Recorded data
□ □ □ □ □
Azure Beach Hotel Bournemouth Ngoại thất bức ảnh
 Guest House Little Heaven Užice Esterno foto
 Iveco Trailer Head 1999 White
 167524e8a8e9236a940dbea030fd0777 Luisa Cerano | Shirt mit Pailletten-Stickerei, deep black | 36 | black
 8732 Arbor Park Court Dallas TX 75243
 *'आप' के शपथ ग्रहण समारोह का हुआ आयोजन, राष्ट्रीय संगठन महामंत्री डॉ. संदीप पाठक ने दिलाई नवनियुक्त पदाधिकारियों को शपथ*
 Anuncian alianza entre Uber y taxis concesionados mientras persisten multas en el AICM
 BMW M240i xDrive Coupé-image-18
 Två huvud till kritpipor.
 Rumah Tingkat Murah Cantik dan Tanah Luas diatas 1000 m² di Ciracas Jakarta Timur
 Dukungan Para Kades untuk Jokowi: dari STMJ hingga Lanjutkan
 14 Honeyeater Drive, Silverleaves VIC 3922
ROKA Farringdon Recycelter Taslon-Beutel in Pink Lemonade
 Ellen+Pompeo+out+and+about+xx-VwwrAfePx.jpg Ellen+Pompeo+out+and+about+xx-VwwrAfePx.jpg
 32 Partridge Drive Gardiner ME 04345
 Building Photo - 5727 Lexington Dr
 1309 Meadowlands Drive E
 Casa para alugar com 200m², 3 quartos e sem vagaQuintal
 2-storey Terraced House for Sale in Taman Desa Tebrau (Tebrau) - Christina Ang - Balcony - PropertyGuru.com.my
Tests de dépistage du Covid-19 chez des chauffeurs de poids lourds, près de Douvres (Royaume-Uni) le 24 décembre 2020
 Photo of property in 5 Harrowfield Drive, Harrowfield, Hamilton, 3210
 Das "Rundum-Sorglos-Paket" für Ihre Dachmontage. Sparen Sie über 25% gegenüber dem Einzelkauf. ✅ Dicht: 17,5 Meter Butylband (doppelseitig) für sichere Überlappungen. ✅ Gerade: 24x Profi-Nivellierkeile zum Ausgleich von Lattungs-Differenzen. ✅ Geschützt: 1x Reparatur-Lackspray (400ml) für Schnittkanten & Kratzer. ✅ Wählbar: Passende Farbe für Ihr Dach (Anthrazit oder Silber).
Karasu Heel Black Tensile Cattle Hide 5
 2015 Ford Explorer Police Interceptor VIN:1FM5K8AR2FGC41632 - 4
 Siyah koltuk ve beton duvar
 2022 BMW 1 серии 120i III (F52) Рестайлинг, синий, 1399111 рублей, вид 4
□ □ □ □ □
Check each line of the data for "Photo". Copy the lines where it turns up.

 Building Photo - 5727 Lexington Dr
 Photo of property in 5 Harrowfield Drive, Harrowfield, Hamilton, 3210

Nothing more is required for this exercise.